Deuxièmement, il faut accroître la différence entre le travail et l’inactivité. Cela non seulement en réduisant la fiscalité, mais aussi en rationalisant la liste des aides sociales en cas d’inactivité et en les affectant plus efficacement. Il faut s’attaquer en priorité aux pièges du chômage et de la promotion où parfois jusqu’à 80 % (!) de l’augmentation de salaire se perd en taxes. L’abaissement des taux et l’élargissement des tranches d’imposition nous semblent être la solution pour atteindre cet objectif.

Troisièmement, si des taxes à la consommation sont quand même introduites, il est préférable de commencer par supprimer les anomalies du système actuel de TVA et d’accises. Elles conduisent souvent à une concurrence déloyale entre les secteurs privé et public pour des produits ou des services identiques.

Quatrièmement, la simplification et la numérisation de la fiscalité permettent aux pouvoirs publics de réaliser des économies. Cela devrait se refléter clairement dans les décisions concernant la réforme fiscale.

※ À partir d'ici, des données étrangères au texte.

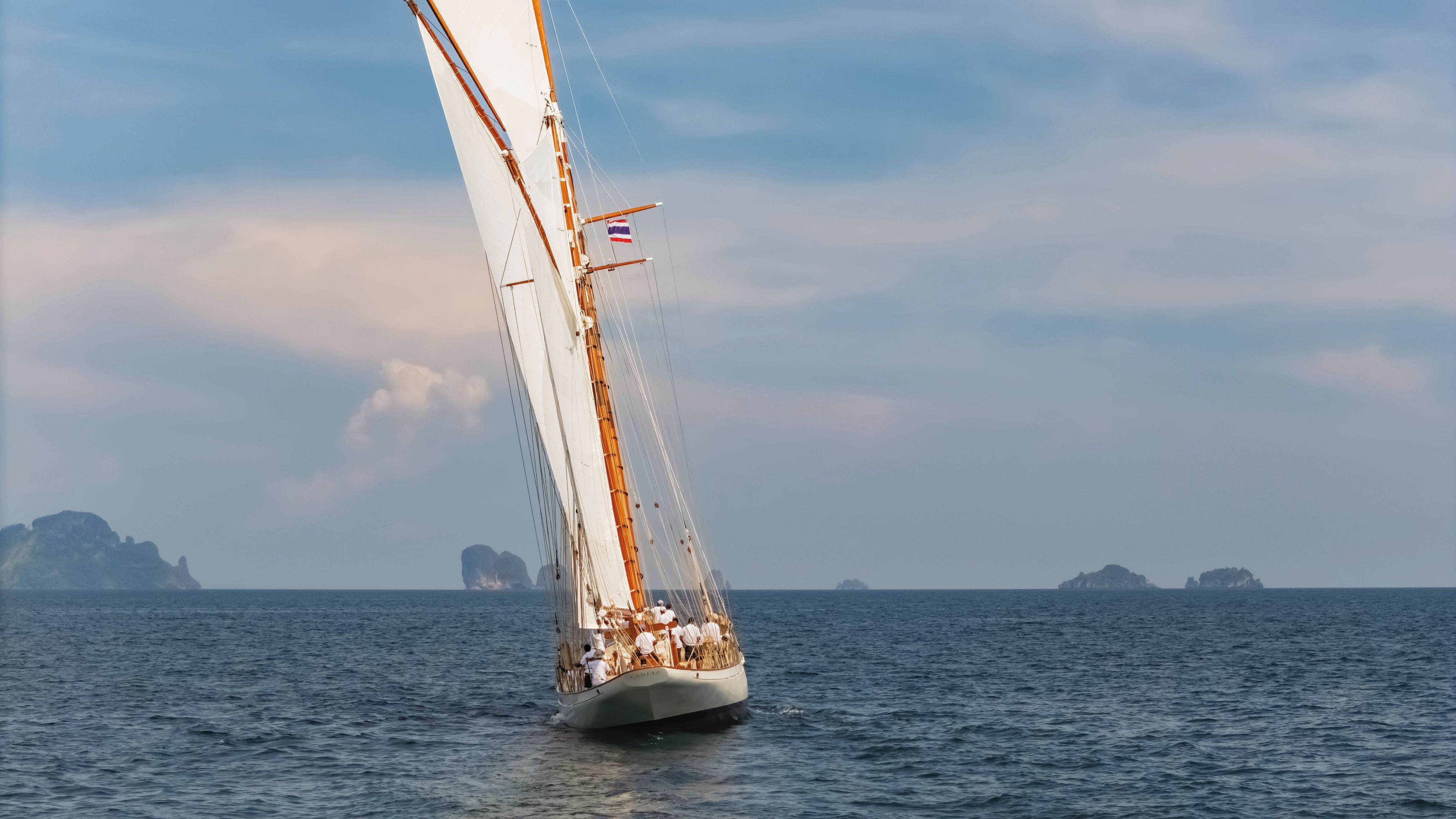 Cariad from the back with its sails out on the water - several people can be seen seated on the boat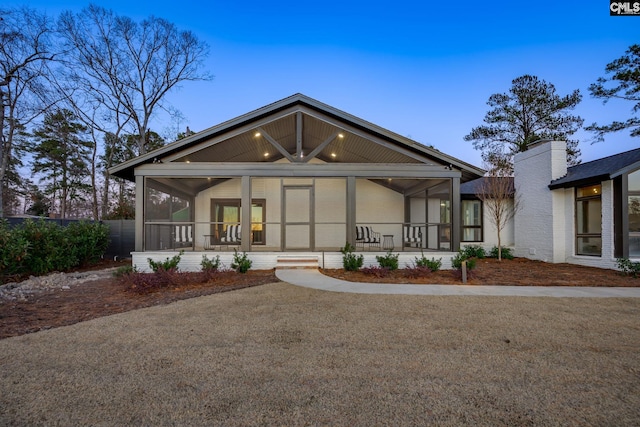 view of front of home featuring a sunroom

Cinquièmement, ce n’est vraiment pas le moment de saper la confiance dans le pilier des pensions complémentaires par toutes sortes de mesures. Le Groupe des 10 — les partenaires sociaux — a clairement décrété un statu quo fiscal et social dans son dernier accord social. Le gouvernement a marqué son accord le 28 avril dernier et l’a confirmé aux partenaires sociaux. Il en va de même pour certains éléments clés de la politique des ressources humaines, tels que les plans d’options et de warrants ou les plans cafétéria, qui permettent une gestion moderne des ressources humaines dans le secteur privé.

Les employeurs sont convaincus qu’un plan pour une première étape réalisable et économiquement défendable est envisageable au cours de l’actuelle législature Vivaldi. Dans l’intervalle, ils ont fait leur propre devoir et l’ont chiffré. Leur plan d’action est prêt. La FEB a toujours été un partenaire dans la recherche d’un compromis soutenu et est donc heureuse d’entrer dans le débat pour aider à trouver un soutien suffisant.